═══ Provided records

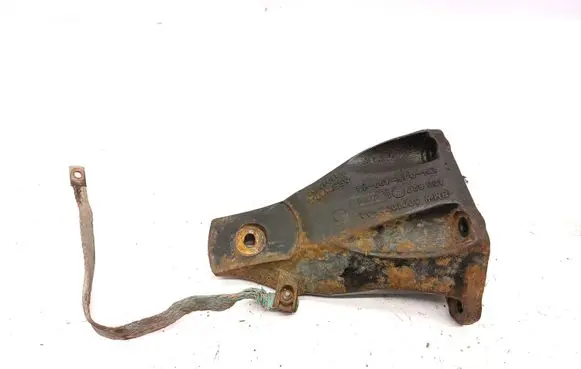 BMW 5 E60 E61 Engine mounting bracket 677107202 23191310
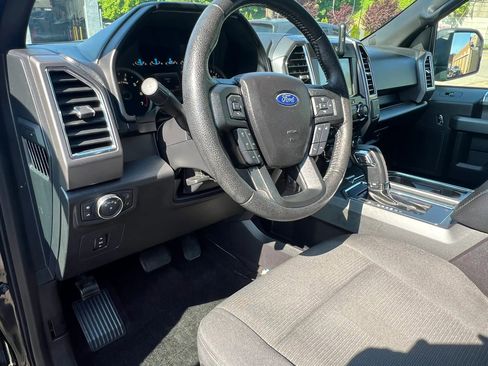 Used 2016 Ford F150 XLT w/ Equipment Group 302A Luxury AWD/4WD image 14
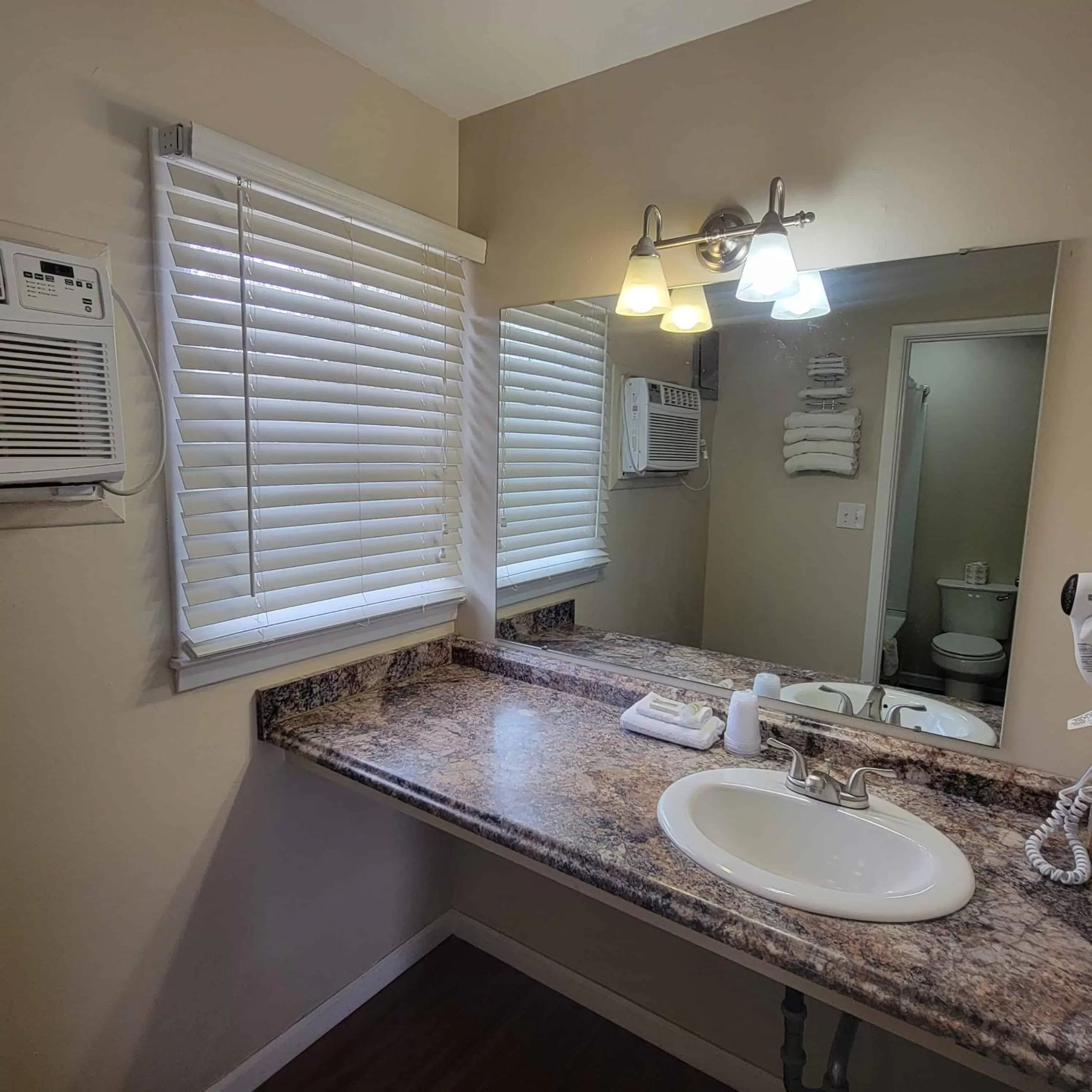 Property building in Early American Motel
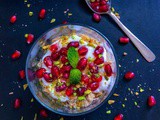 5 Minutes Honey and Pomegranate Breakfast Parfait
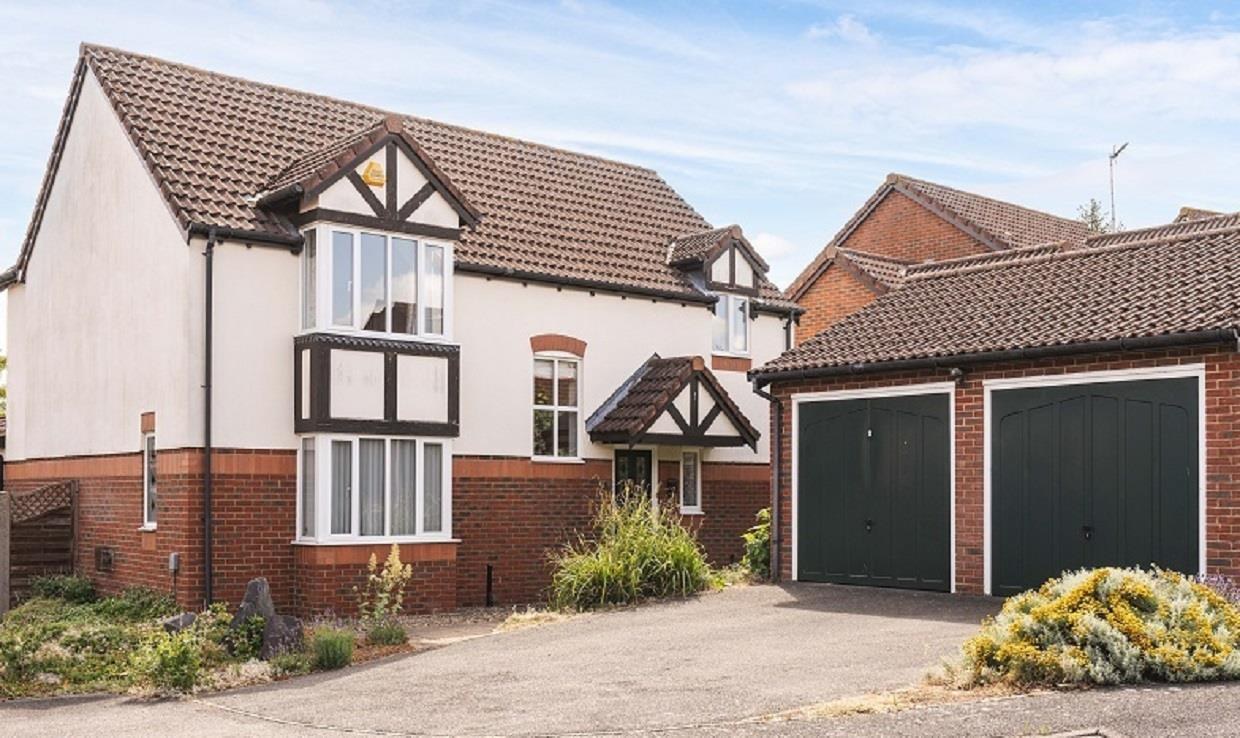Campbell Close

══════

What you need to do — Return the preceding entries exactly, each word as given, but leave out any picture.

Output of the task —
 BMW 5 E60 E61 Engine mounting bracket 677107202 23191310
 Used 2016 Ford F150 XLT w/ Equipment Group 302A Luxury AWD/4WD image 14
 Property building in Early American Motel
 5 Minutes Honey and Pomegranate Breakfast Parfait
Campbell Close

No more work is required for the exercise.